- Opening Delimiter -

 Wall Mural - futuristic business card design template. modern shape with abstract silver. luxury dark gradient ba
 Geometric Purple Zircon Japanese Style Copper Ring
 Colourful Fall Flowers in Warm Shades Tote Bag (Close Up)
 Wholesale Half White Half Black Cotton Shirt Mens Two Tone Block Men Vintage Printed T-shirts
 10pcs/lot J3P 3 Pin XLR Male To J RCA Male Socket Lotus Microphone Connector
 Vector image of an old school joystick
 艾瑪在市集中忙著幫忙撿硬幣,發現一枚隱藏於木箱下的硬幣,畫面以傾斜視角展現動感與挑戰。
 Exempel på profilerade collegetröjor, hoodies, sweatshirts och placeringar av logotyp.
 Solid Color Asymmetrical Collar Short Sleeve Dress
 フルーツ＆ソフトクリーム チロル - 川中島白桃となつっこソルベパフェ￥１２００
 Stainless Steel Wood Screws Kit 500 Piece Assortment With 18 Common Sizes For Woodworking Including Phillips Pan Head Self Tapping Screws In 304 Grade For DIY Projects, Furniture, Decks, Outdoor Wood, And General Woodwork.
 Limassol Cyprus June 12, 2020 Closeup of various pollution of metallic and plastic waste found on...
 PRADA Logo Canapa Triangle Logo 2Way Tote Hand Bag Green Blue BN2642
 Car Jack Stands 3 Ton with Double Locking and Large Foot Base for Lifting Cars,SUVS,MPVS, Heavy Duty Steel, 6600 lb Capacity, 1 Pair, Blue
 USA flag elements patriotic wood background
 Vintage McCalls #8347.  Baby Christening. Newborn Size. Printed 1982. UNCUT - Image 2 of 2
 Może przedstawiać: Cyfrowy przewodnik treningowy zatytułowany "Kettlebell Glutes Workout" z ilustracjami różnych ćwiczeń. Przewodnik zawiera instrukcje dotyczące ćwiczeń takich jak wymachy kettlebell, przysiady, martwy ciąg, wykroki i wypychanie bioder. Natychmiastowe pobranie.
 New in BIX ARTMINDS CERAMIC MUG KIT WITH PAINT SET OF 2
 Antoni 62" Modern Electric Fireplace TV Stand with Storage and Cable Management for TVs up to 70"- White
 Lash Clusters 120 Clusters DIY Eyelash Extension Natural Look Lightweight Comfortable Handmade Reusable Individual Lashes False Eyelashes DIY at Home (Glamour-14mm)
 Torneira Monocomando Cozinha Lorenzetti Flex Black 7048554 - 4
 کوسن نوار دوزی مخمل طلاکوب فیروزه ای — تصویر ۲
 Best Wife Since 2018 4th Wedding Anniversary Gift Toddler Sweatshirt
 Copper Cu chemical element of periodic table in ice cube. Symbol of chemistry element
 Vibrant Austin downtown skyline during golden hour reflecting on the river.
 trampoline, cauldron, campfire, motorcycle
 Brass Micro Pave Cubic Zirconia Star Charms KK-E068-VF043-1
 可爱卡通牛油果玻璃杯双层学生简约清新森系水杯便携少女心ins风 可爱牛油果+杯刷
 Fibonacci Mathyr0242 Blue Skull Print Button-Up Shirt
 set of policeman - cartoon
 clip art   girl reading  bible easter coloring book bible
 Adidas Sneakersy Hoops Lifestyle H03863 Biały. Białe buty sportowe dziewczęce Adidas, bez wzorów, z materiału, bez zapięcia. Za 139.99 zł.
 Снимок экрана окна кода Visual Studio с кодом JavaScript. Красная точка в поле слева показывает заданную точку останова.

- Closing Delimiter -

• [Your task]
Only lines with the word "Copper" are wanted; pull each of them from the records.

• [Completed exercise]
 Geometric Purple Zircon Japanese Style Copper Ring
 Copper Cu chemical element of periodic table in ice cube. Symbol of chemistry element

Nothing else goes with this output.